## ASSIGNMENT
When you restate the entries that follow, keep every word exactly and drop the pictures.

## MATERIAL TO PROCESS
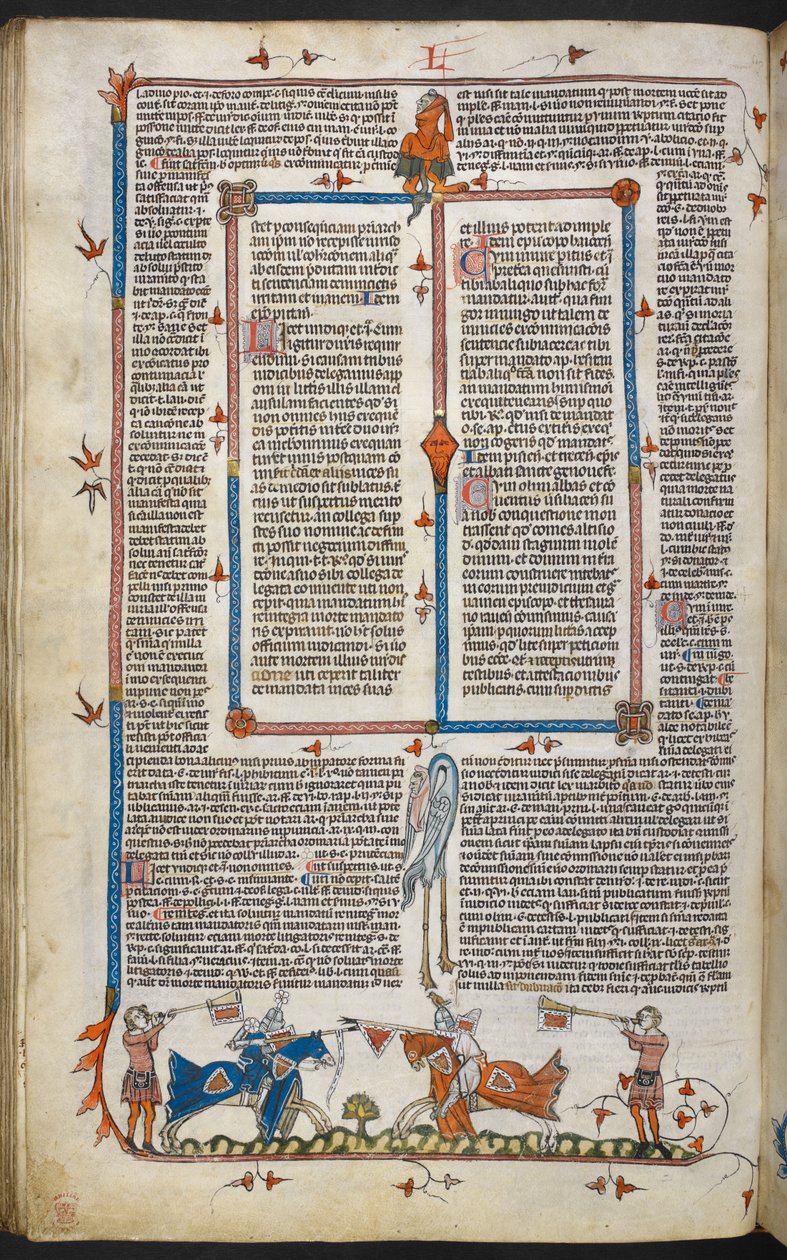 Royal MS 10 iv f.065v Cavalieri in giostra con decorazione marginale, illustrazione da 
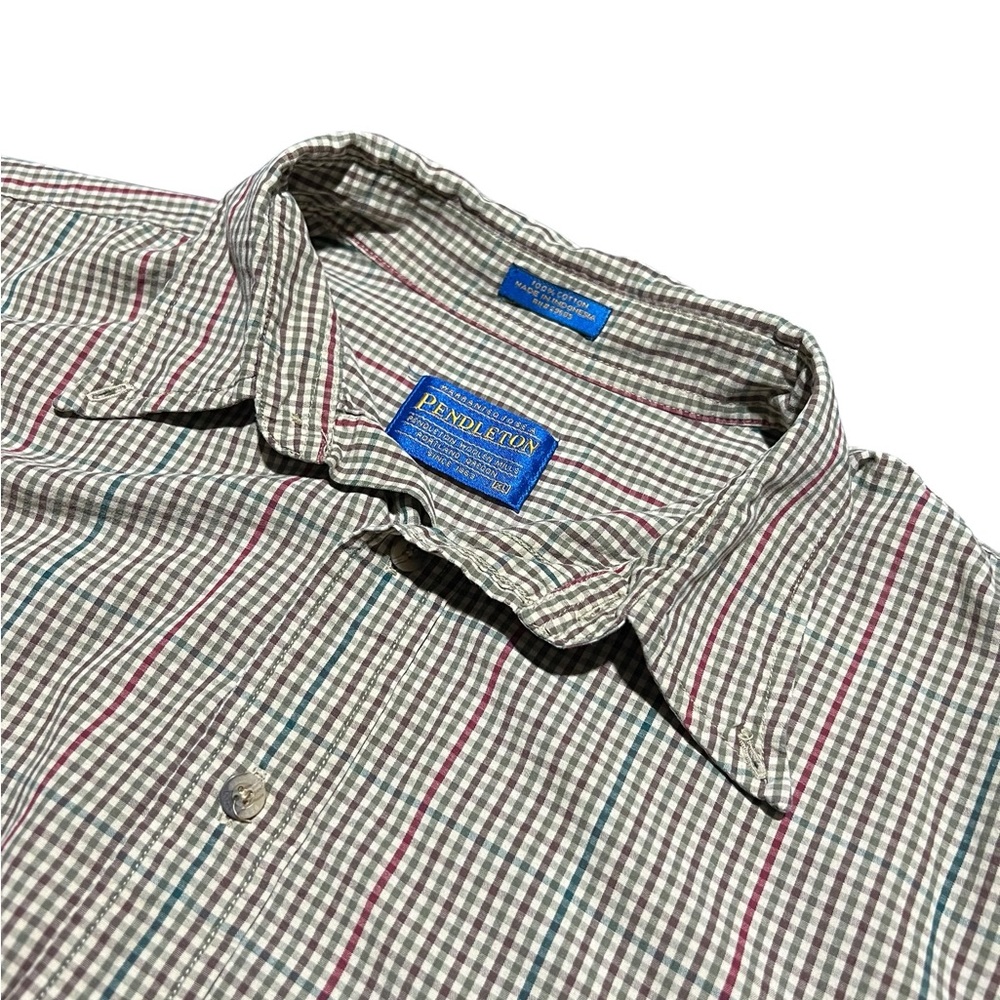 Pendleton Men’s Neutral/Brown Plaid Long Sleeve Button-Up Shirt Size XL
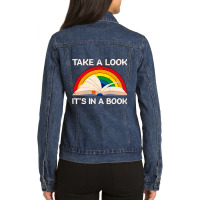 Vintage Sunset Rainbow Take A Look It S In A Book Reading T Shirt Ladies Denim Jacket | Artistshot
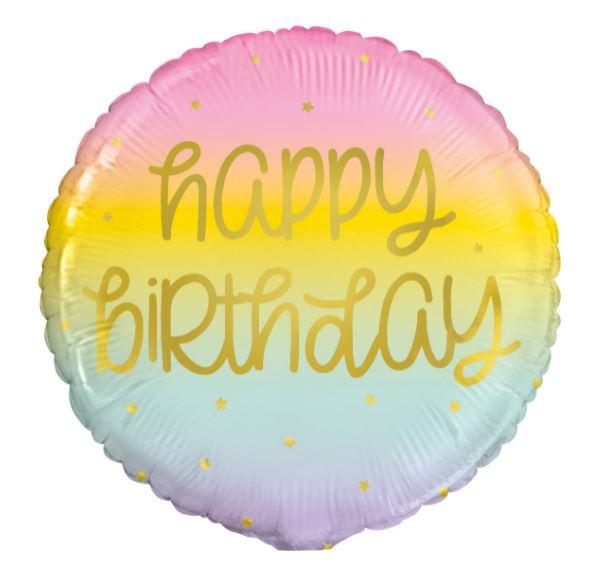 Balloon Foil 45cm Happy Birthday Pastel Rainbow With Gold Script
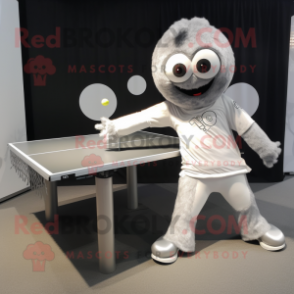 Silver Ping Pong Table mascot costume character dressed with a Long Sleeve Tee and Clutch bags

## COMPLETED TASK
 Royal MS 10 iv f.065v Cavalieri in giostra con decorazione marginale, illustrazione da 
 Pendleton Men’s Neutral/Brown Plaid Long Sleeve Button-Up Shirt Size XL
 Vintage Sunset Rainbow Take A Look It S In A Book Reading T Shirt Ladies Denim Jacket | Artistshot
 Balloon Foil 45cm Happy Birthday Pastel Rainbow With Gold Script
 Silver Ping Pong Table mascot costume character dressed with a Long Sleeve Tee and Clutch bags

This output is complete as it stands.